Monday, September 29, 2008

Southern exposure

Some observations on Christchurch. The city centre, that
is to say Cathedral Square and the streets immediately
around it, appears to have been taken over almost entirely
by shops and eating places aimed at attracting Asian
tourists. Fair enough, if that's where the money is, but the
city centre seems to completely lack local character now.
We looked in vain for sightings of the indigenous long black,
ubiquitous in Wellington but driven, apparently, from
Christchurch's streets by sushi outlets, internet cafes and
bland predators like Starbucks and Muffin Break. On the
other hand, the estuaries down Bexley and Ferrymead way
are rich with bird life thanks to an enlightened policy of
creating wetland reserves for the likes of godwits, pied
oyster-catchers and the redoubtable scaup, a once-rare
duck now enjoying a population boom. Alas, the Ferrymead
foreshore has had a giant apartment block dumped on it,
and the hills of nearby suburbs like Sumner and Redcliffs
have been desecrated by some of the worst architecture it
has been my misfortune to ever drive past.

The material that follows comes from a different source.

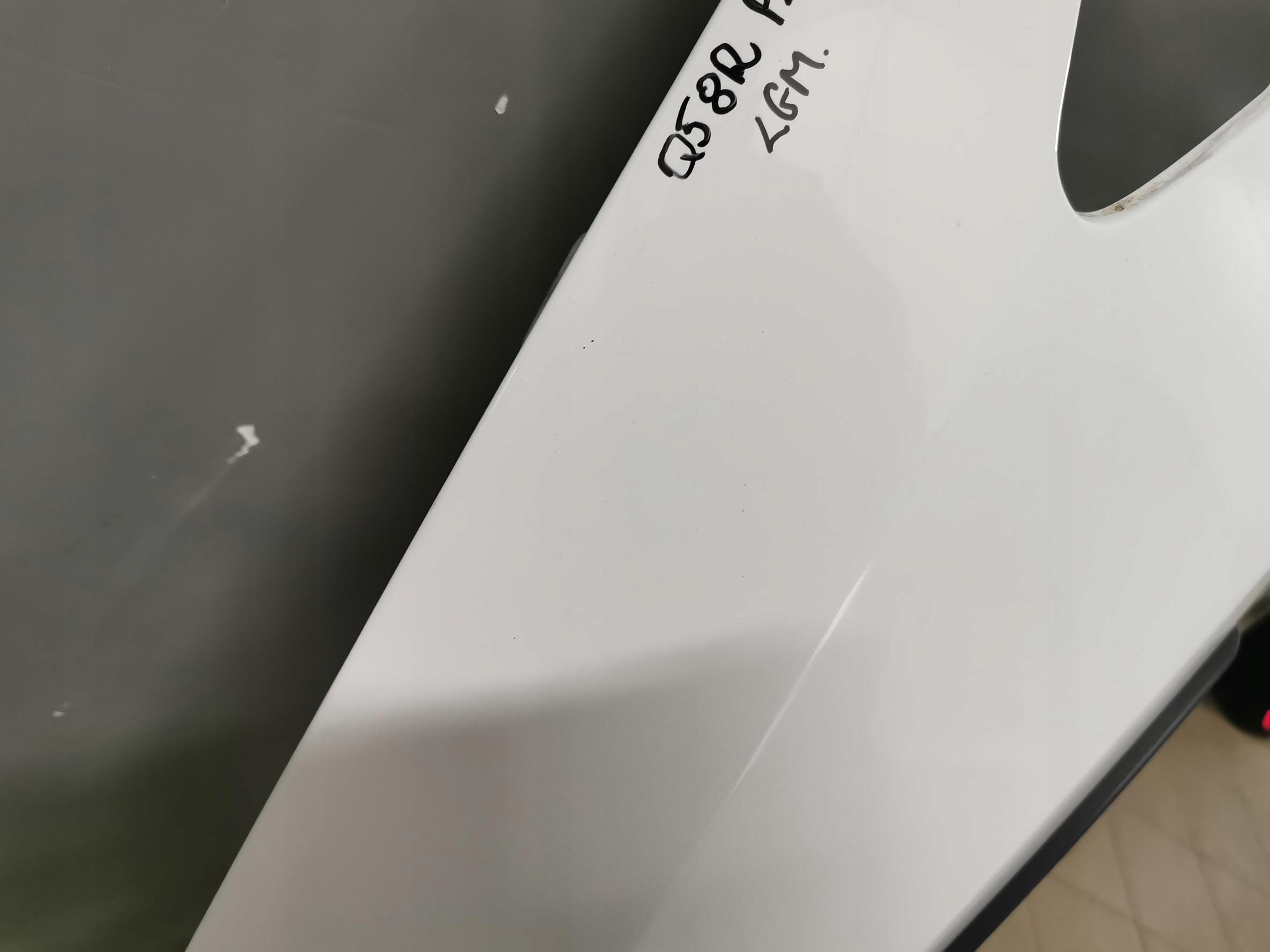 BŁOTNIK PRAWY PRZÓD S-LINE AUDI Q5 8R LY9C 08-13 Strona zabudowy przód - prawa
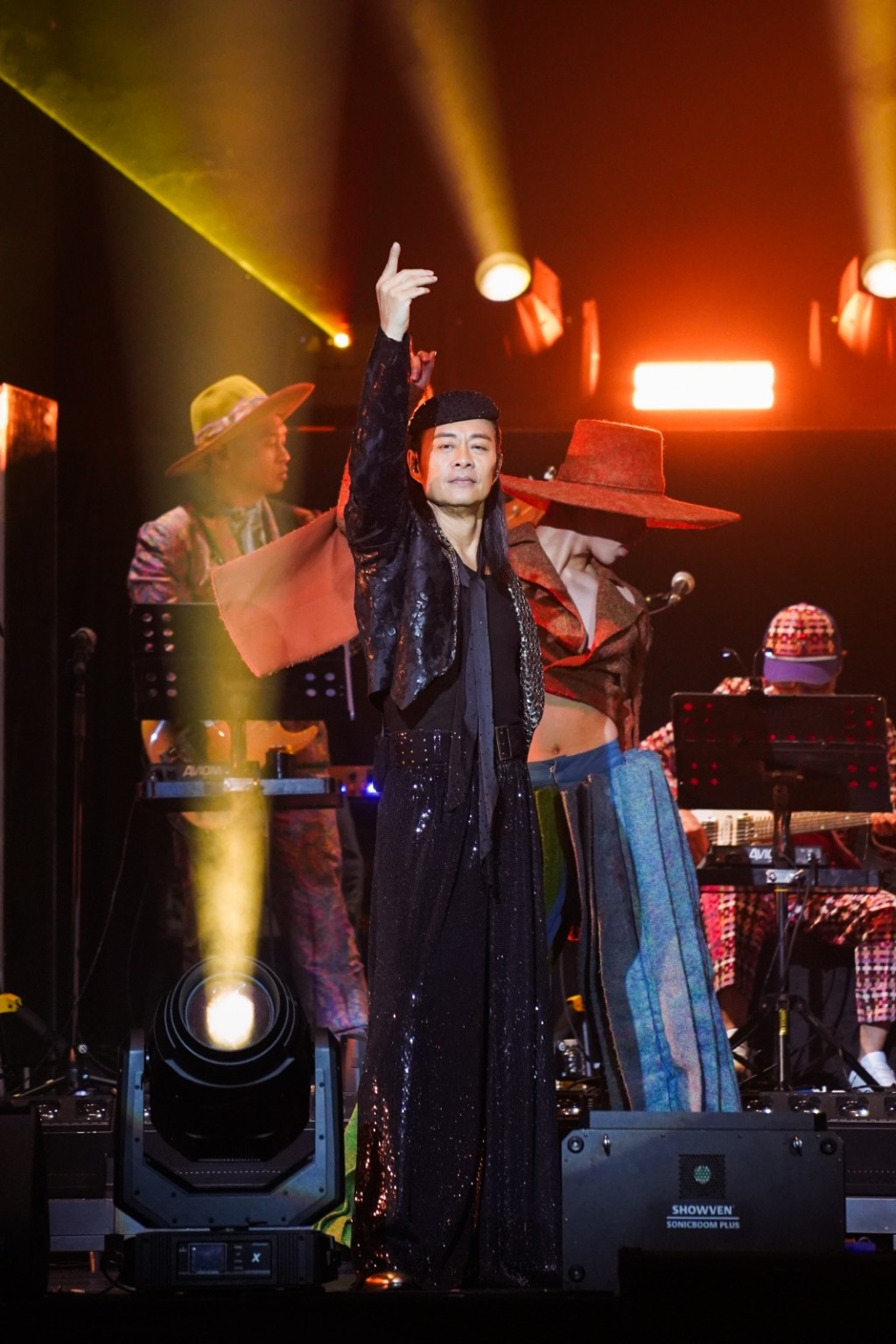 草蜢約定瓢迷4月紅館見。 草蜢約定瓢迷4月紅館見。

On fabulous
sites overlooking the ocean people with more money than
aesthetic sense have built ghastly blocky houses with all the
charm and none of the functionality of concrete bunkers.
Bearing absolutely no relation to the landscape they inhabit
(or rather, infest), these hideous objects stand only as
memorials to the poverty of architectural imagination in
our time. I hope the pied oyster-catchers poop on them.